Applies to prochlorperazine: oral tablets, parenteral injection, rectal suppositories

Side effects include:

Drowsiness, dizziness, amenorrhea, blurred vision, skin reactions, hypotension.

For Healthcare Professionals

Applies to prochlorperazine: compounding powder, injectable solution, oral capsule extended release, oral syrup, oral tablet, rectal suppository

Hematologic

Very common (10% or more): Mild leukopenia (up to 30%)
Rare (0.01% to 0.1%): Blood dyscrasia
Frequency not reported: Agranulocytosis, pancytopenia, thrombocytopenic purpura, thrombocytopenia, leukopenia, eosinophilia, hemolytic anemia, aplastic anemia, atypical lymphocytes[Ref]

Blood dyscrasias included pancytopenia, thrombocytopenic purpura, leukopenia, agranulocytosis, eosinophilia, hemolytic anemia, and aplastic anemia.

Mild leukopenia occurred in patients given high doses for prolonged durations.[Ref]

Nervous system

Common (1% to 10%): Drowsiness, dyskinesia, akathisia, parkinsonism, tremor/tremulousness
Frequency not reported: Convulsion, grand mal/petit mal convulsion, seizures, dizziness, altered consciousness, extrapyramidal reactions, dystonia/acute dystonia/acute dystonic reactions, akinesia, tardive dyskinesia, autonomic dysfunction, headache, opisthotonos, hyperreflexia, neuroleptic malignant syndrome, cerebral edema, EEG changes, altered cerebrospinal fluid proteins[Ref]

Acute dystonia was usually transitory, but was more commonly reported in young adults and children shortly after beginning treatment or increasing the dosage.

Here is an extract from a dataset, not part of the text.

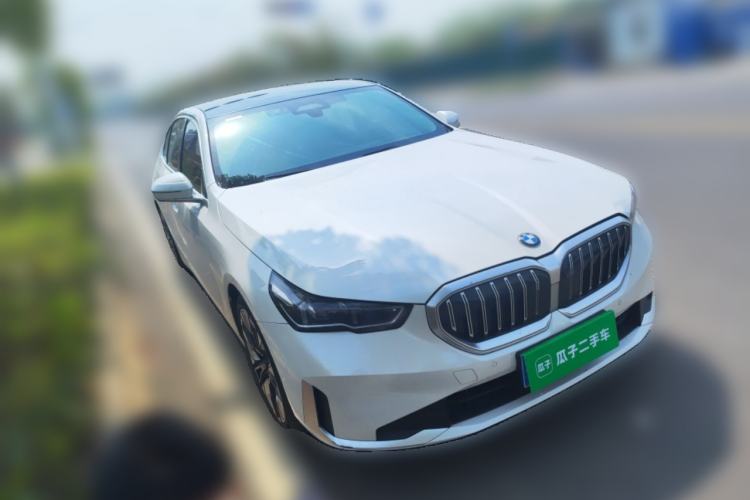Used BMW 5 Series 2024 530Li Luxury Package Premium Edition Front Right 45 Deg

Akathisia usually occurred in patients who were given large initial doses.

Autonomic dysfunction included dry mouth, nasal congestion, headache, nausea, constipation, obstipation, adynamic ileus, ejaculatory disorders/impotence, priapism, atonic colon, urinary retention, miosis, and mydriasis.

Extrapyramidal reactions include acute dystonia, akathisia, parkinsonism, and tardive dyskinesia. These reactions have lasted months to years, especially in elderly patients with brain damage.

Grand and petit mal convulsions have occurred in patients with/with a history of EEG abnormalities.

Parkinsonism typically occurred in adults and elderly patients after weeks to months of treatment, and included tremor, rigidity, akinesia, and most commonly, tremor.[Ref]

Gastrointestinal

Common (1% to 10%): Constipation, dry mouth
Frequency not reported: Gum/mouth irritation, obstipation, atonic colon, paralytic/adynamic ileus, nausea and vomiting[Ref]

Ocular

Lenticular and corneal deposits occurred in patients who received large doses over a prolonged duration.[Ref]

Common (1% to 10%): Blurred vision
Frequency not reported: Oculogyric crisis, ocular changes, miosis, mydriasis, pigmentary retinopathy, lenticular and corneal deposits[Ref]

Musculoskeletal

Common (1% to 10%): Rigidity
Frequency not reported: Trismus, torticollis, systemic lupus erythematosus-like syndrome[Ref]

Cardiovascular

Uncommon (0.1% to 1%): Hypotension, peripheral edema, cardiac arrhythmia, ECG changes, QT prolongation, deep vein thrombosis, venous thromboembolism, cyanosis, sudden death of cardiac origin
Frequency not reported: Fatal hypotension, orthostatic hypotension, ST depression, ventricular/atrial arrhythmias, atrioventricular block, ventricular tachycardia, ventricular fibrillation, cardiac arrest, U-Wave and T-Wave changes/distortions[Ref]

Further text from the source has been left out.